All four Helnwein children share their parents’ gothic spirit. The eldest, 37-year-old Cyril, lives in the castle with his model-musician wife and their three children. He assists Gottfried six days a week and is also a photographer in his own right (he met his wife when she posed for his “Ethereal” series). His latest body of work includes crass visual puns such as “Feelin’ Horny,” which features a nude model with antlers mounted on the wall behind her head. Mercedes, a 35-year-old writer, painter and filmmaker with red hair and the palest skin, now lives in Los Angeles, where she makes darkly sexy oil pastels from photographs she buys online. Ali, 32, is a violinist and Grammy- and Emmy-winning composer who also lives in L.A., where he has founded a chamber orchestra and scores independent films. The youngest, 27-year-old Wolfgang Amadeus (who goes by his middle name), writes sparse prose inspired by Elizabeth Bishop, Raymond Chandler and Sylvia Plath.

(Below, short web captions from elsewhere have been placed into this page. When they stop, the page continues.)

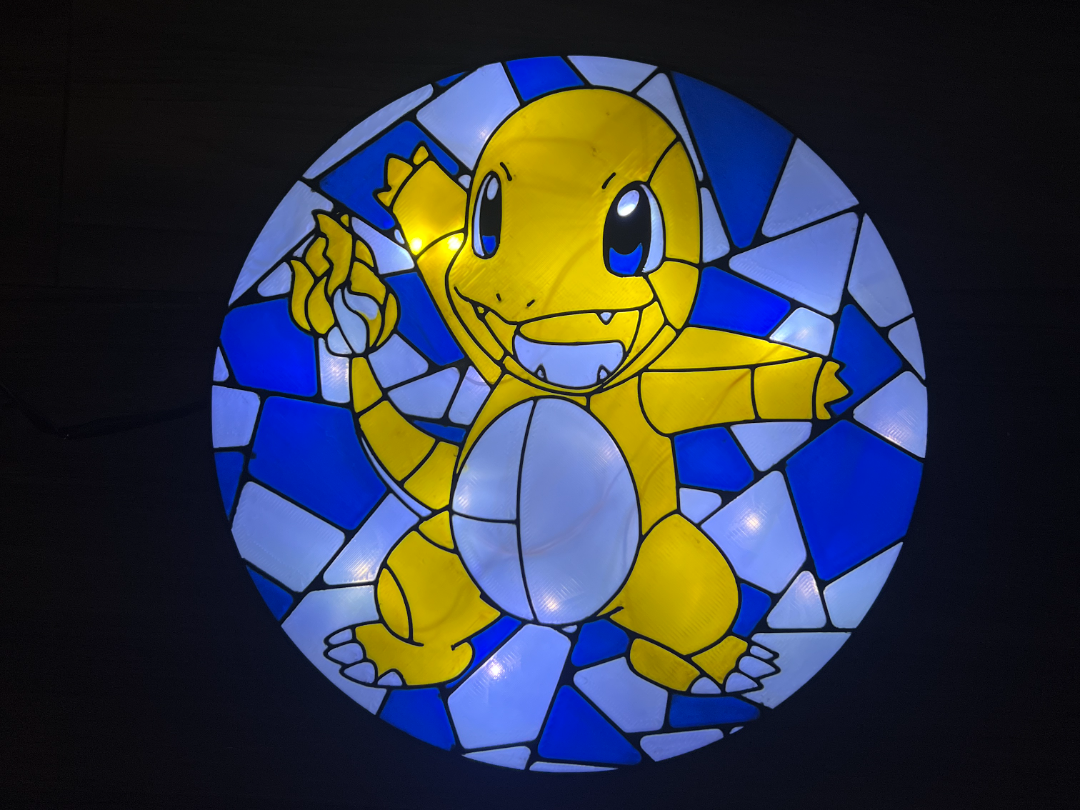 Charmander Pokemon Stained Glass Lightbox Suncatch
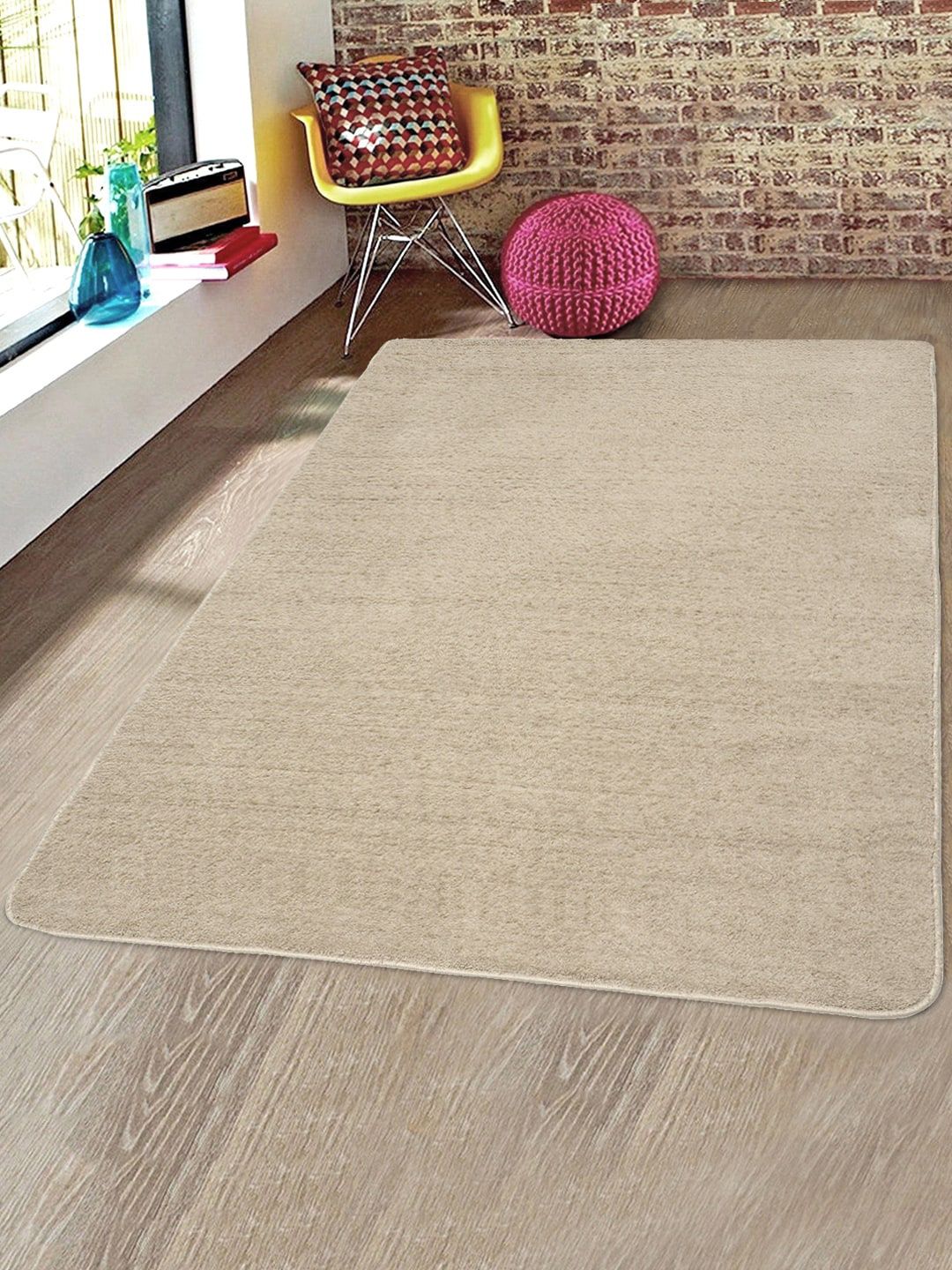 Saral Home Beige Solid Shaggy Anti-Skid Carpet Price in India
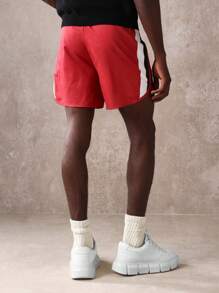 SUMWON Athletic Performance Quick-Wicking Nylon Running Shorts Drawstring Waistband Side Stripe Track Basketball Training Gym Workout Summer Sports Shorts Active Wear - Red - View 2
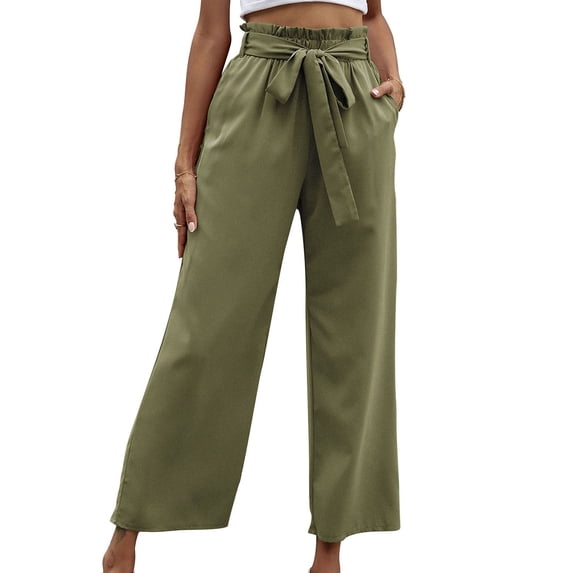 Defitshape Women's Wide Leg Pants Work Trousers Casual Casual High Waisted Soft Ankle Travel Lightweight Pants Army Green X-Large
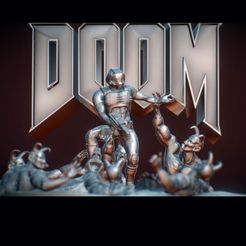 44doom_1_box_cover_classic_diorama_printable.jpg 3D file Doom Classic Cover Diorama Printable・3D printable model to download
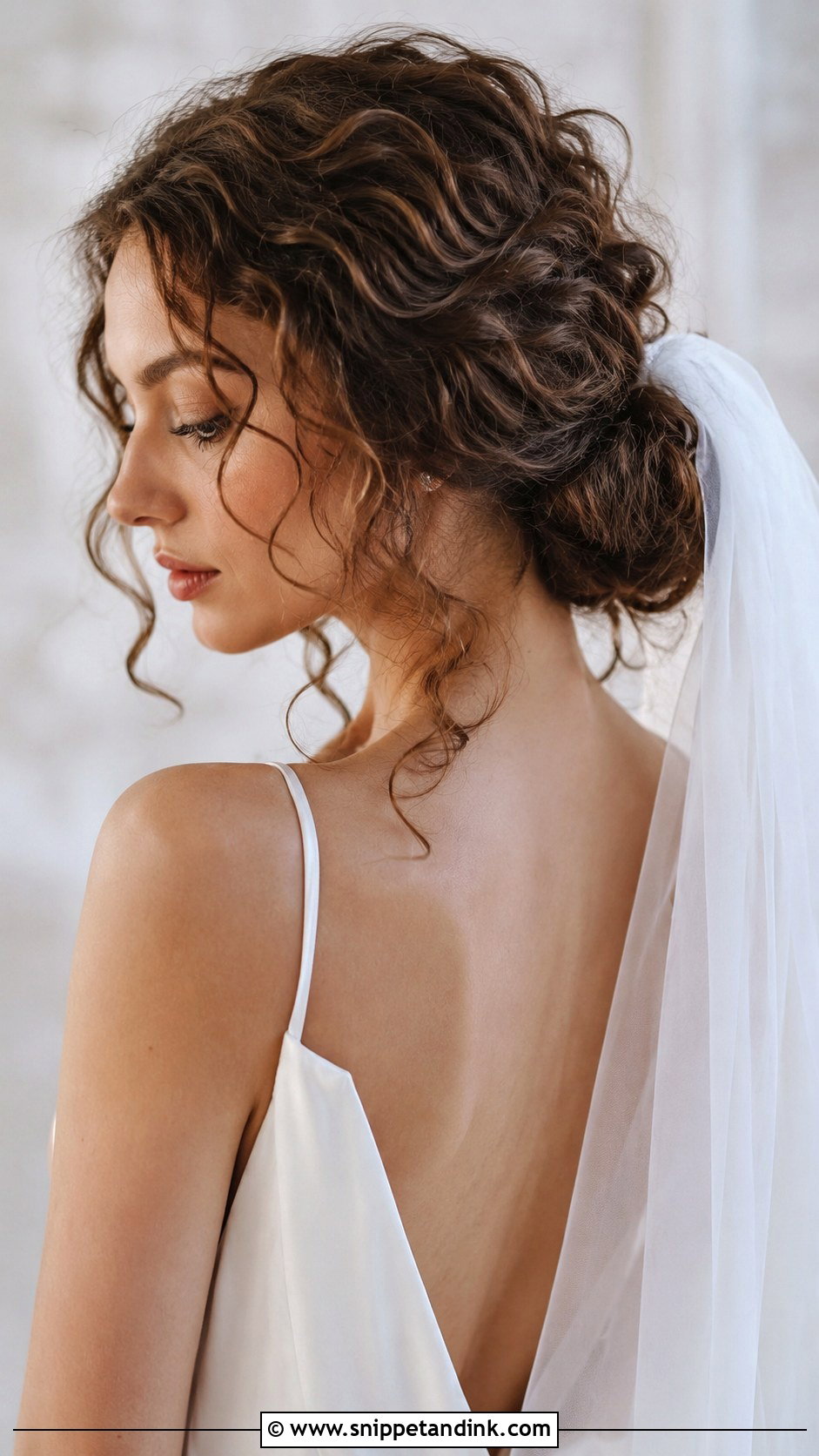 Curly Hair Low Knot With Tendrils - Snippet and Ink - 25 Long Curly Wedding Hair Ideas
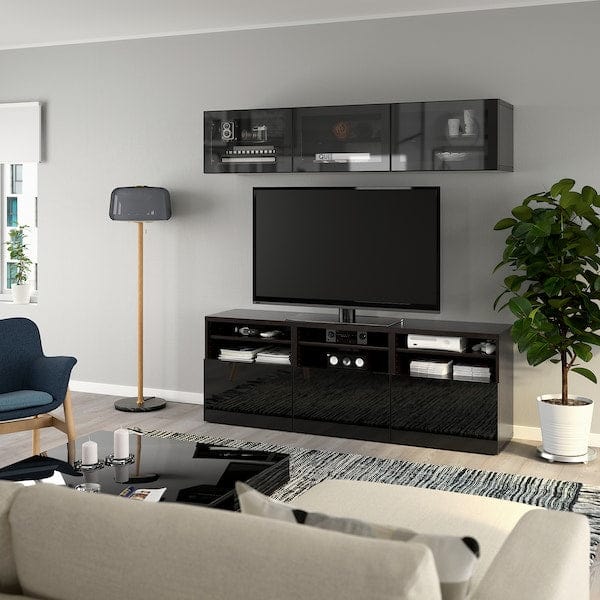Ikea BESTÅ - TV storage combination/glass doors, black-brown/Selsviken high-gloss/black clear glass, 180x42x192 cm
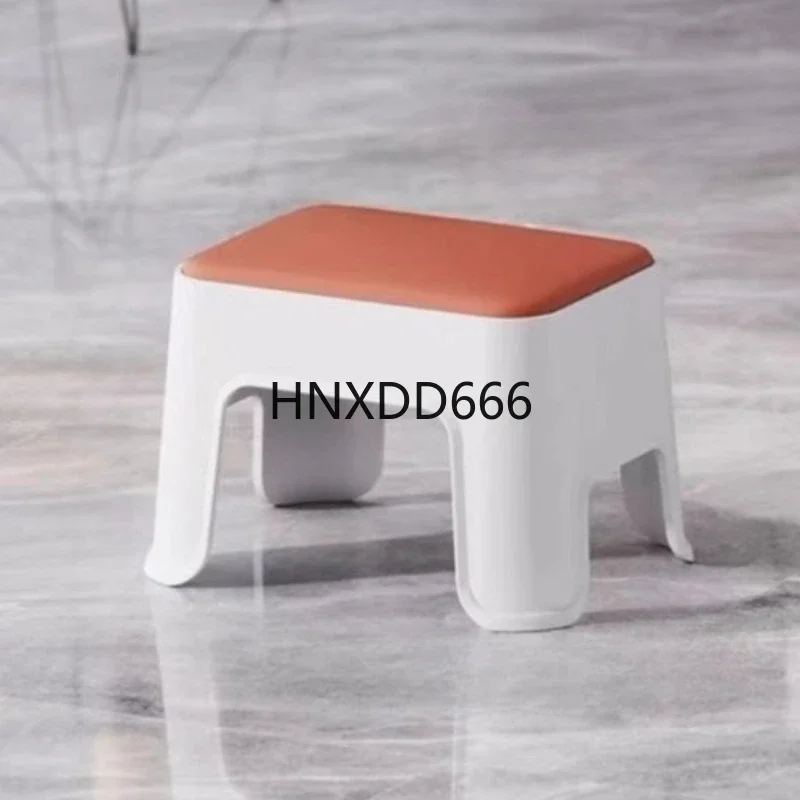 Plastic Stool Thickened Household Soft Living Room Coffee Table Can Be Stacked Stools Tabouret Pliant Portable Footrest Ottoman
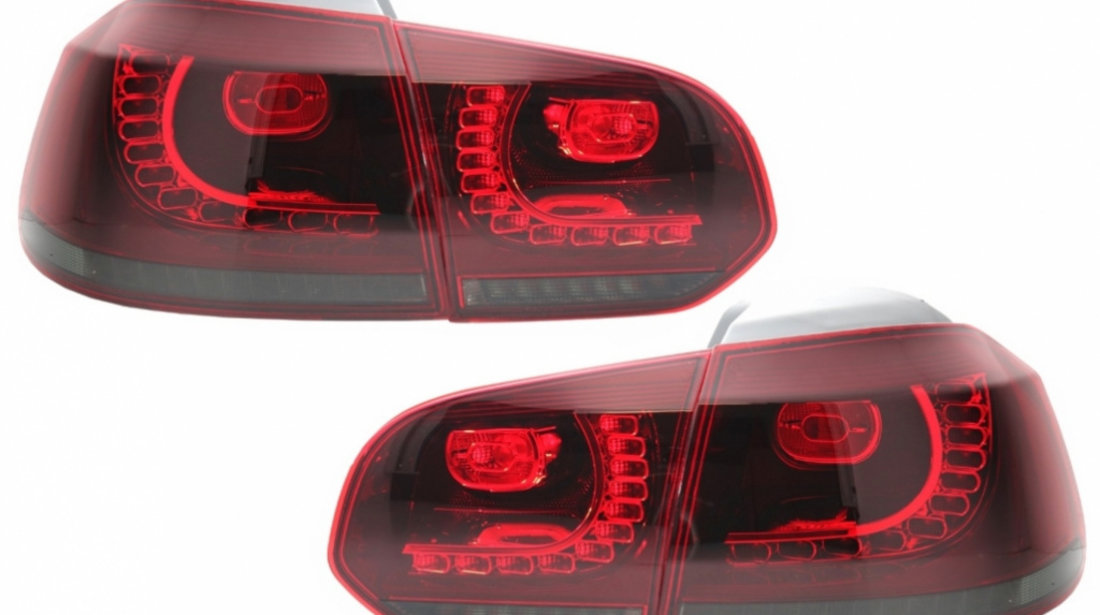 Stopuri Full LED compatibil cu VW Golf 6 VI (2008-2013) R20 Design Rosu Fumuriu cu Semnal Dinamic TLVWG6R20RSFW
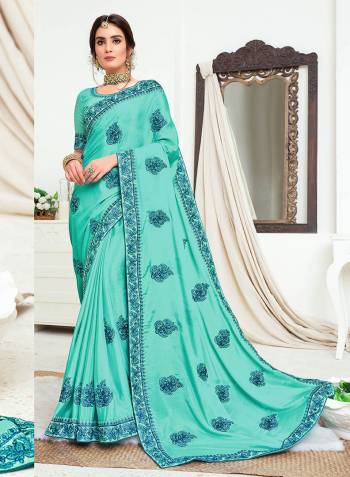 Adorn The Pretty Angelic Look Wearing This Heavy Designer Saree In Light Base Color Paired With Contrasting Colored Blouse. This Saree Is Fabricated On Chinon Silk Paired With Chinon Silk Fabricated Blouse. Its Pretty Color Pallete Will Give An Attractive Thread Embroidery Look To Your Personality.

“We’re not the Kardashians or the Hiltons,” said Cyril, who recalls being bandaged, his face smeared with fake blood, while modeling for his father. “But for me, it was an everyday thing. Kids play dress-up. This was just a different kind.” Mercedes added drily, “We’ve never been particularly cheerful.” Despite having spent time in the company of Gottfried’s famous friends and collaborators — including Muhammad Ali, Keith Haring, Michael Jackson, Sean Penn, Lou Reed, Andy Warhol, William S. Burroughs and Charles Bukowski (who, after meeting the Helnwein clan, gave them one of his books signed with the words “Thanks for the strange evening”) — they said their lives have felt rather normal. “We just didn’t know any different,” Cyril said. “I think children have this innate artistic ability that’s kind of hammered out of them over time. We never had it hammered out of us.” Today, a new generation of Helnweins are posing for Gottfried and making their own paintings in his light-filled home studio.
Gottfried’s grandchildren aren’t the only ones who seem increasingly comfortable with his work. Last year, he opened his largest retrospective to date at Vienna’s Albertina Museum — a place normally “reserved for Rembrandts,” he said — and, to his surprise, it was among the most successful shows of a living artist ever staged there. He’s now thinking about renting a studio to make art in the city he vowed never to return to. It would be a big move for Gottfried, who has grown quite fond of pastoral Ireland. “It’s my home,” he said. “It’s where I belong.”
After the dinner table had been cleared, Renate suggested we go for a quick drink at Nagles, a roadside bed-and-breakfast about a mile down the road. But Gottfried was tired. “Maybe another night,” he said, before retiring to his room with Renate. Cyril, too, excused himself to put his kids to bed. But Ali, Amadeus and Mercedes had other plans. While Ali and Mercedes finished the song they’d been slowly playing at the piano, Amadeus pulled out three elaborate masks, handmade from cardboard and painted to look like nightmarish creatures with sharp teeth and beady eyes. It was time for a stroll.